Preferably, the multi-wafer probe according to the present invention further comprises: a probe and a pad position detecting section for detecting a position of one of the electrode pads of the plurality of wafers and a front end configuration of the plurality of probes And a batch angle correction section for causing one of the plurality of wafers to have an arrangement angle corresponding to one of the plurality of probe front end configuration angles.

Preferably, in the multi-wafer probe according to the present invention, the batch angle correction section is between a configuration angle (θ1A) of one of the plurality of probes and a configuration angle (θ1B) of the electrode pads of the plurality of wafers One of the differences (θ1 = θ1A - θ1B) calculates a rotation angle around one of the Z axes, and rotates the moving platform about the Z axis so as to correspond to the configuration angle (θ1A) of the plurality of probes.

Preferably, the multi-wafer probe according to the present invention further comprises an angular average section which corrects a batch angle correction position using an average of one of the arrangement angles of the individual wafers (as the detection object).

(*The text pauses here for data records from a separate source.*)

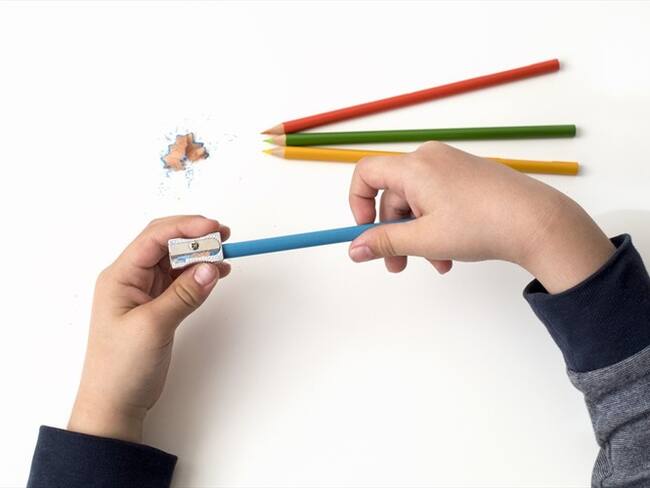 W Radio le presenta cinco actividades que puede hacer con los niños para provechar el tiempo y afianzar su relación con ellos. Foto: Getty Images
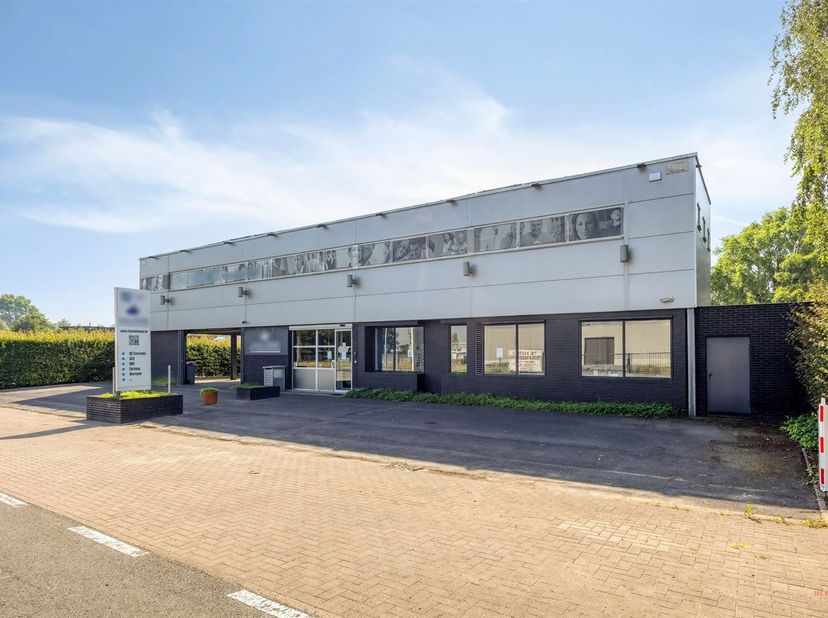 Bedrijfsvastgoed te huur in Rijksweg 129 A,
                    9870 Zulte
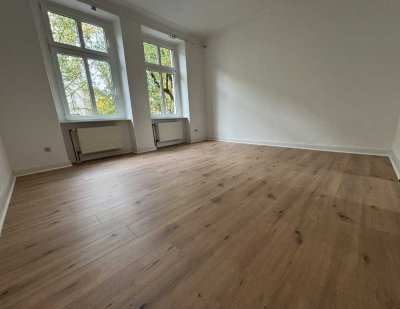 Wunderschöne 2 Zimmer Altbauwohnung mit Balkon am Schönebecker Busch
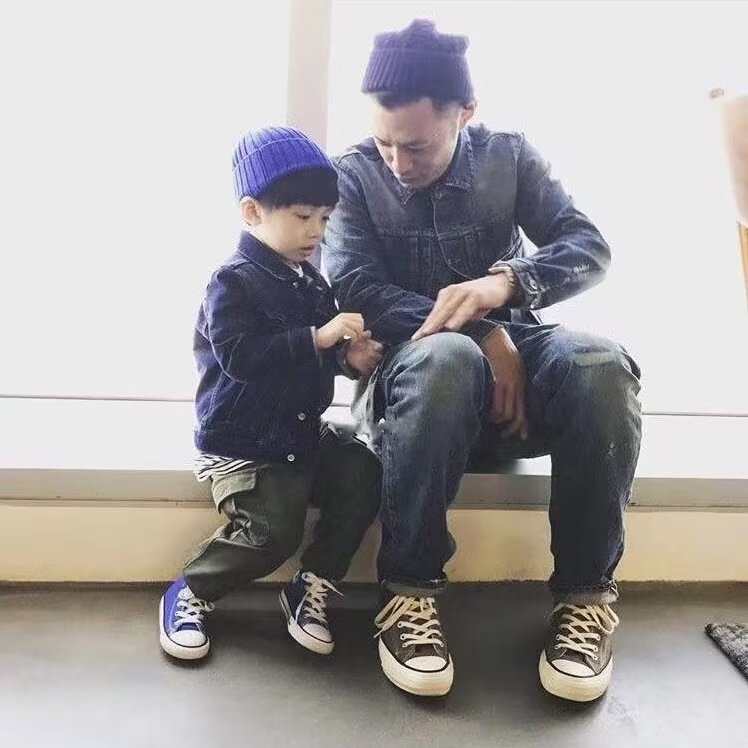 Japán stílusú retró, utcai divatos, márkás, foltos, szakadt farmer, férfi tavaszi és őszi divatos, mosott, régi, egyenes, laza nadrág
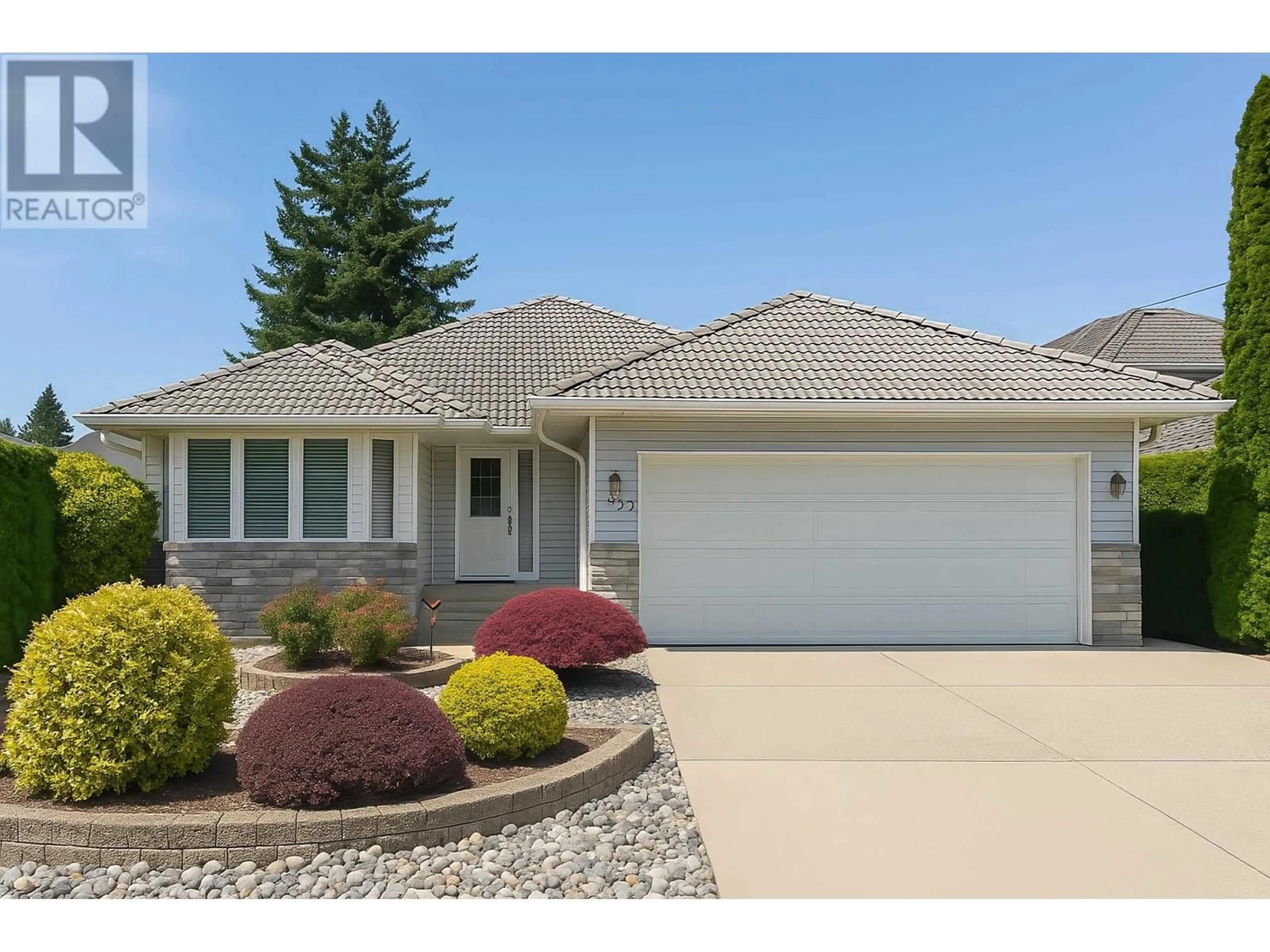 Home with vinyl exterior material, street for 310 MUNDY STREET, Coquitlam British Columbia V3K5M4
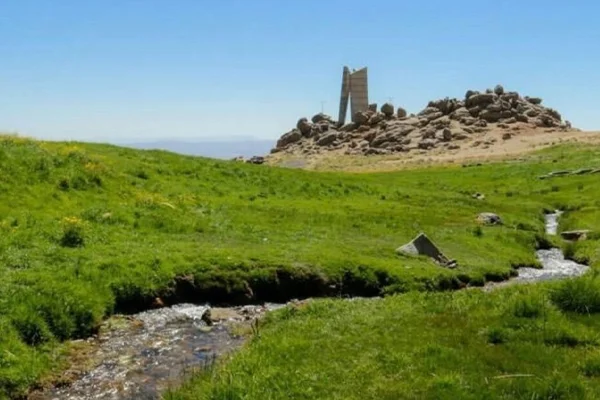 دشت‌های بکر همدان - منبع عسل گون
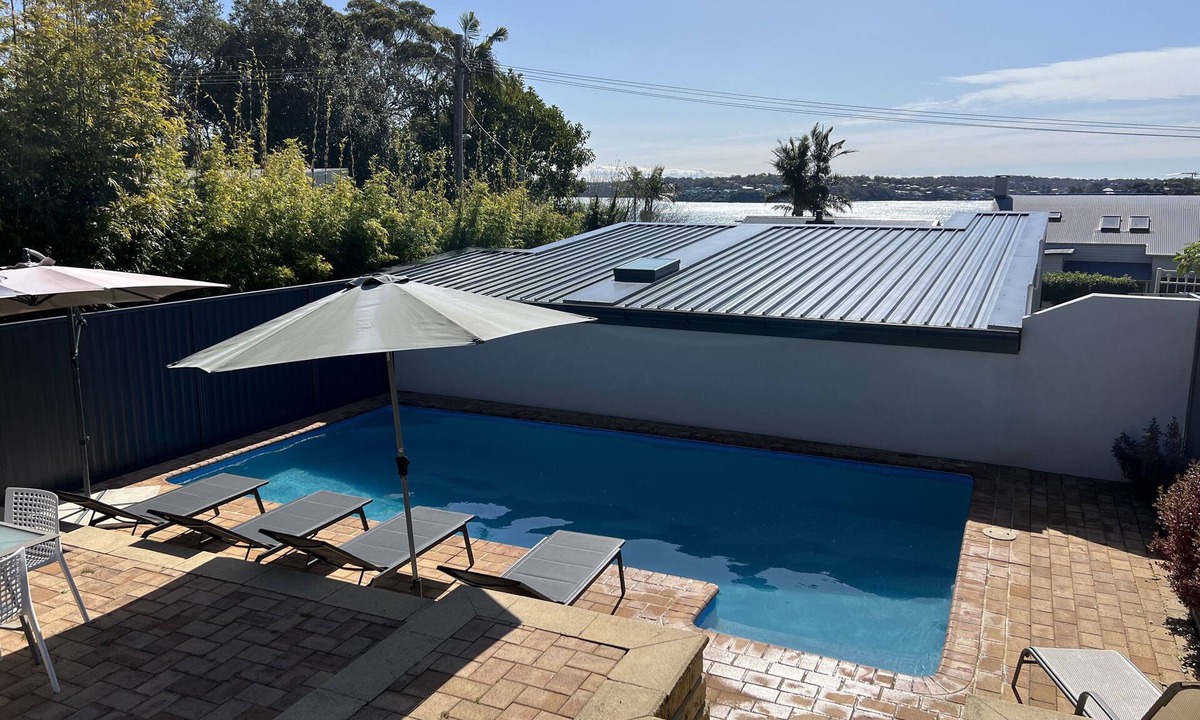 Bundeena House | Bundeena Base Art House, Sea View with Solar Heated Pool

Preferably, the multi-wafer probe according to the present invention further comprises a level a directional position correction section that uses one of the center coordinates of the plurality of wafers as one of a plurality of probes in one direction to configure a correction value, and calculates one of the wafer intervals in the other direction perpendicular to the direction The amount of deviation between the theoretical value and an actual measurement, the deviation of one of the probe tip spacings, and the average of the deviations from the respective theoretical values of the wafer spacing and the probe tip spacing One value is obtained as a correction value.

Preferably, the multi-wafer probe according to the present invention further comprises a horizontal direction position correction section such that a central coordinate of one of the plurality of wafers (as the detection object) or a center coordinate between the center wafers And correcting one of the center wafers of the center probe or the central probe between the plurality of probes in one of the X and Y directions to correct the center of one of the plurality of wafers (as the detection target) The center coordinates between the coordinates or the center wafer and correcting the center coordinates between the center coordinates or the center probe of one of the plurality of probes.

Preferably, the multi-wafer probe according to the present invention further comprises a contact group dividing section for using when at least one of the front ends of the plurality of probes is not positioned within the electrode pads of the plurality of wafers The electrode pad is subjected to a dividing process to divide it into at least two contact groups of the following: an electrode pad that cannot simultaneously contact one or a plurality of wafers; and an electrode pad of one or a plurality of remaining wafers.

Preferably, the multi-wafer probe according to the present invention further comprises a contact group dividing section for using when at least one of the front ends of the plurality of probes is not positioned within the electrode pads of the plurality of wafers The dividing process is performed to perform position correction processing on a plurality of contact groups of one of the following series: none The method simultaneously contacts one or more of the electrode pads of the plurality of wafers; and the electrode pads before the electrode pads of the one or more of the plurality of wafers and the electrode pads of the electrode pads of the one or more of the plurality of wafers.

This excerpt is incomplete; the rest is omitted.